Israeli students from Hebrew University meet with local hareidim.
By Fran Schnall
As often happens at Hebrew University Hillel, early this year a student approached Hillel staff with an idea for a new program. Tzahi Perah, who is studying psychology and Jewish thought at Hebrew U, wanted to bring together two groups of people who rarely interact: the religious and the secular. In ensuing discussions with Program Director Pnina Gaday, they began to examine what exactly defines someone as "religious" or "secular," since this is a distinction that Hillel does not usually make.
Perah and Gaday looked at the separation between the different communities in Israel, and gradually focused on the hareidi (ultra-Orthodox) community as having the least contact with university students. This reminded Gaday and other Hillel staff of a program that ran for three years, called "When the Yeshiva and the University Meet," which was a joint project with a group called, The Common Denominator. In that program, groups of interested hareidim met periodically with different groups from the Israeli spectrum, such as soldiers, students, etc. to get to know one another in an atmosphere of respect, focusing on what they have in common rather than on their differences. Unfortunately, when The Common Denominator dispersed, the joint project folded as well.
As a new initiative, Perah revived “When the Yeshiva and the University Meet” in a somewhat different format. Participants were interviewed at the beginning of the year, building a fixed group of about 20 students and about 15 hareidim from different backgrounds. Tzahi Kenan, a graduate of Hebrew University's Revivim program for Jewish leadership and a Jewish studies teacher, became the leader of the student group, which included both religious and secular students, both women and men. Eli Linker, with extensive experience in the hareidi world, recruited and led the hareidi group. Linker, Perah and Kenan moderated the program.

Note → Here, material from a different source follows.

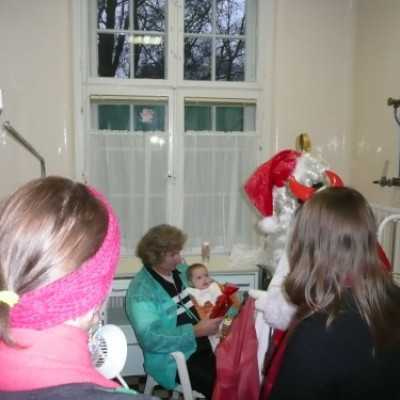 Domokos Fanni és a Mikulás az osztályon fekvõ gyermeket is megajándékozza - adó, 1%, alapítvány, támogatás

At each session the group studied a specific topic from different points of view, such as feminism and women in Jewish life; Judaism and democracy; army service and Jewish observance; G-d and the Holocaust, etc. After an introduction to the week's topic, the participants broke up into smaller groups to study relevant texts from both traditional and untraditional sources that represent various perspectives on the topic. The last part of the session was an open discussion in which everyone could express their opinions freely.
Periodically, the project invited guest speakers to teach the group about a particular subject. Former Hillel Director Eli Bareket, who now heads a social action organization called Mimizrach Shemesh, returned to Hillel to address “When the Yeshiva and the University Meet” on the topic, "What does it mean to be a Jew?" On other evenings, Rabbi David Menachem spoke about what our prayers for Jerusalem can consist of, and Rabbi Mordechai Neugroschel addressed the subject of Torah and Science: Do they conflict or complement each other? The guest speakers added a new dimension to the project.
Feedback from the program shows the impact it has had on its participants' lives. One of the university student participants, Nadav Elroi, described walking on the popular Ben Yehuda Street one day, when he suddenly recognized a hareidi man from the Hillel project. "Instead of seeing only the image of a black coat and hat, I actually looked at his face and, to my delight, I saw someone I knew and could talk to. We spent fifteen minutes schmoozing, right there on the street." Above and beyond the learning experience, the project gave Elroi a sense that hareidim are not just one black entity, but a population of individual people, each with his or her own story and personality.
After the program, Linker heard that one of the hareidi participants invited two of the students to her home for the holiday of Shavuot. "The program built personal relationships between members of the two groups," he says. "At the end of the year it was very hard for the participants to say goodbye. They didn't want to leave." After exchanging phone numbers and e-mail addresses, the new friends are hoping to keep in touch beyond the limits of the project.
Tzili Itzkowitch, a young, hareidi mother of four and special education teacher from Bayit VeGan in Jerusalem, says that her participation in the project changed her perception of Israeli society. Itzkowitch was determined to attend the project's final session, despite her difficulty in finding a babysitter. Rather than miss the event, she hired a new babysitter, so that she could come and share with the Hillel organizers and the group how much she'd learned from the project. Not wanting to get her impressions of secular Israelis from TV or radio reports, and being somewhat wary of secular people in general, the Hillel sessions gave Itzkowitch an opportunity to get to know people she wouldn't ordinarily meet, building personal relationships based on mutual respect. The program changed her attitude toward people outside of her community, giving her a more balanced impression of how approachable, intelligent, and sociable other people can be.
“When the Yeshiva and the University Meet” is what we call a mifgash – an encounter between different groups of people. Through getting to know one another, the project's mifgash between university students and hareidim is a positive step that starts in Beit Hillel and extends toward segments of Israeli society well beyond the campus.
Fran Schnall is the executive assistant to the associate vice president of Hebrew University Hillel.